> [Extracted material]
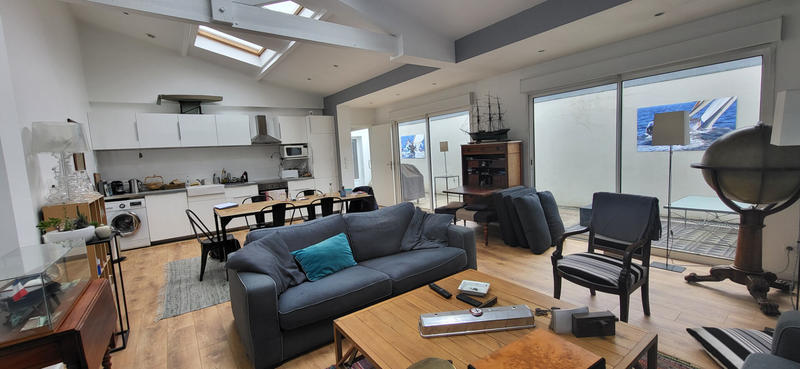 Maison - 108 m² - 5 pièces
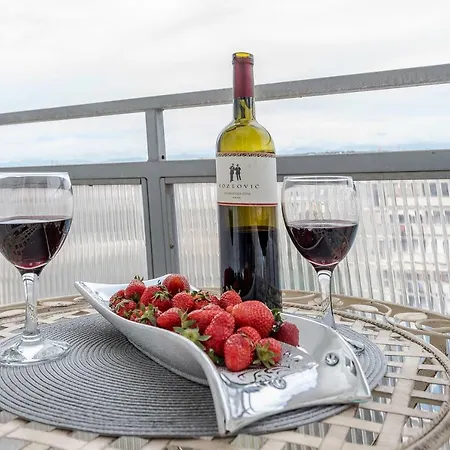 Apartamento Seven Apartman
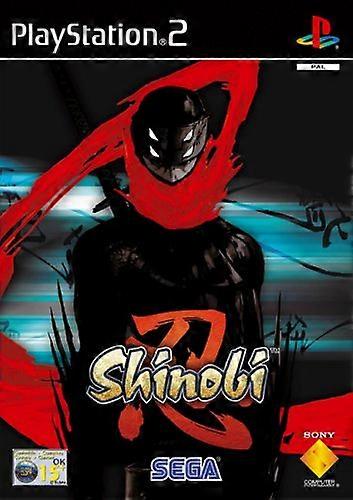 Shinobi - Playstation 2 - PAL - New & Sealed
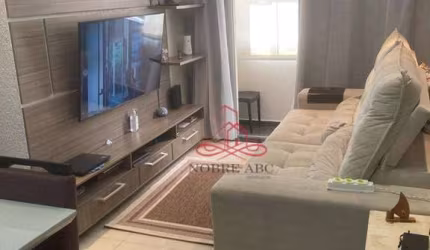 Apartamento com 3 dormitórios à venda, 59 m² por R$ 410.000,00 - Vila Bela - São Paulo/SP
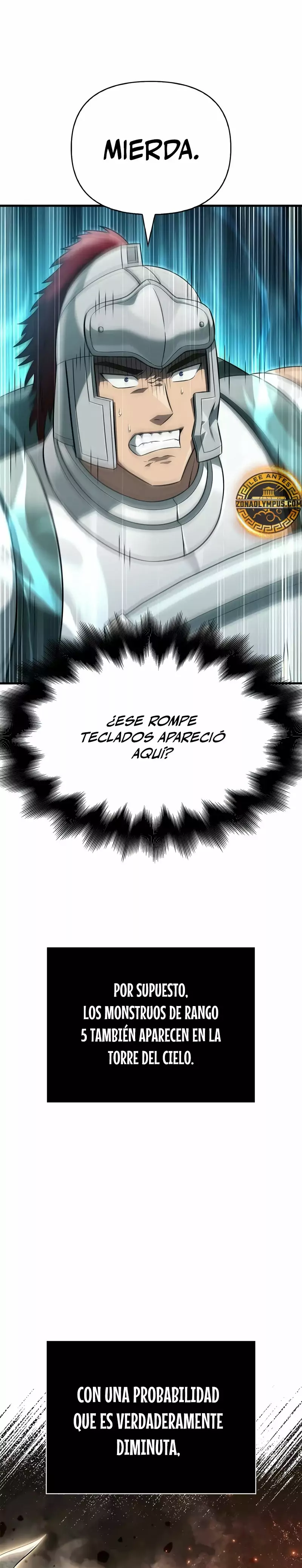 Read Survive as a Barbarian in the Game ES Manga Online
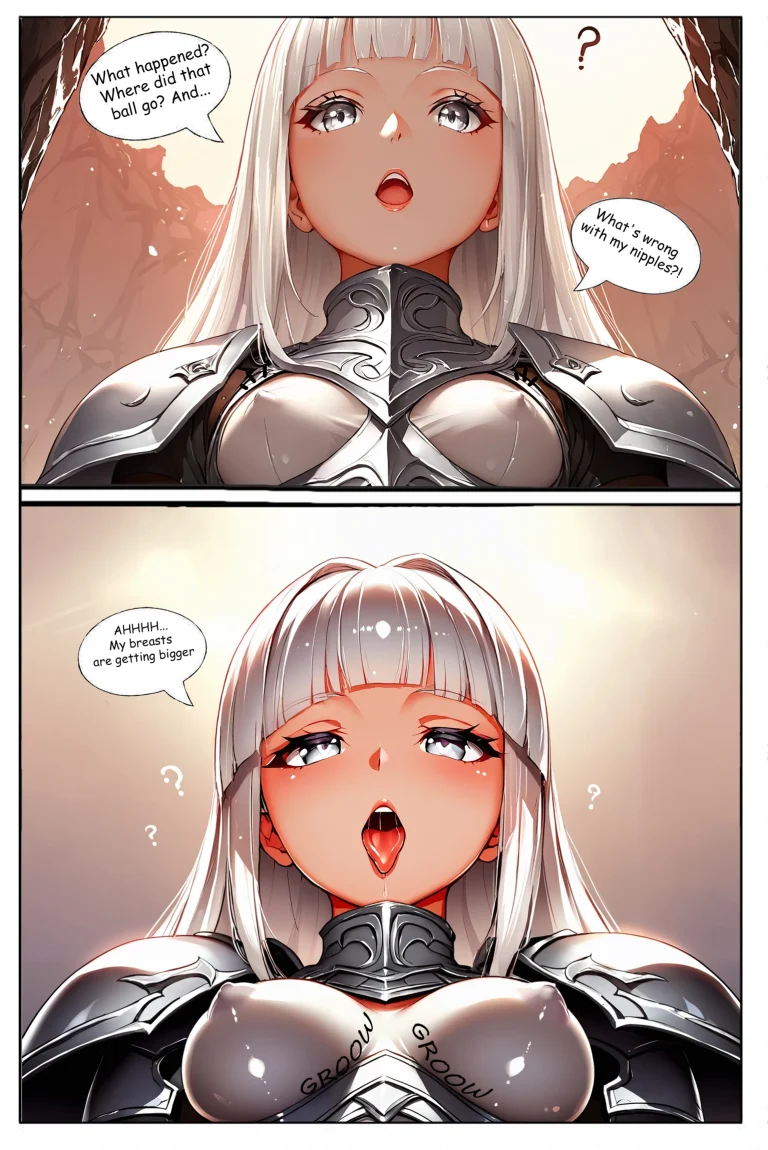 Wrong loot porn comic picture 5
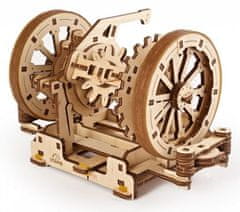 UGEARS 3D puzzle Diferenciál 163 dílků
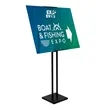 Adjustable Sign Display Kit | https://www.bestnamebadges.com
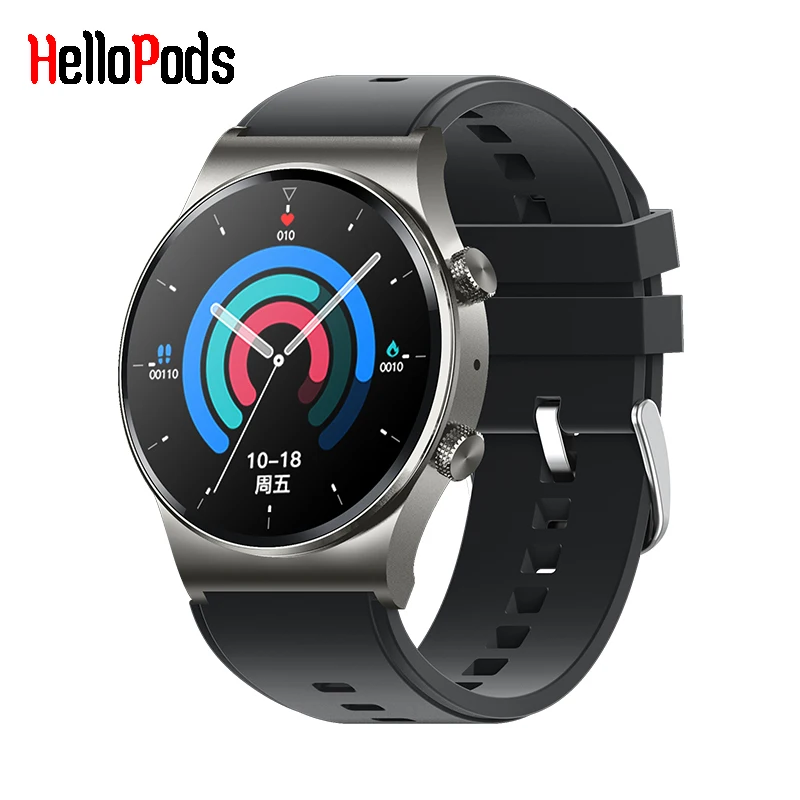 

2021 New M46 Smart Watch IP67 Waterproof Bluetooth Call Women Men Heart Rate Blood Pressure Fitness Tracker Sports Smartwatch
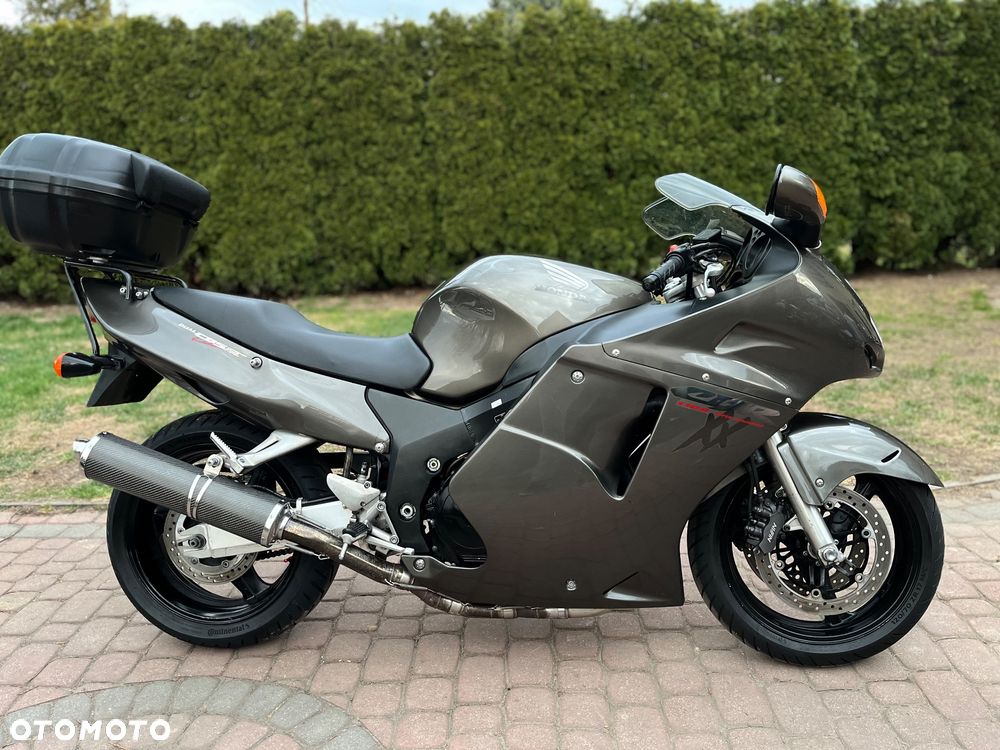 Honda CBR - 3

> [What you will do] Begin the copy at the line containing "Wrong loot porn comic picture 5" and end it at the final line of the material above, reproducing each line exactly and omitting pictures.

> [Written solution]
 Wrong loot porn comic picture 5
 UGEARS 3D puzzle Diferenciál 163 dílků
 Adjustable Sign Display Kit | https://www.bestnamebadges.com

2021 New M46 Smart Watch IP67 Waterproof Bluetooth Call Women Men Heart Rate Blood Pressure Fitness Tracker Sports Smartwatch
 Honda CBR - 3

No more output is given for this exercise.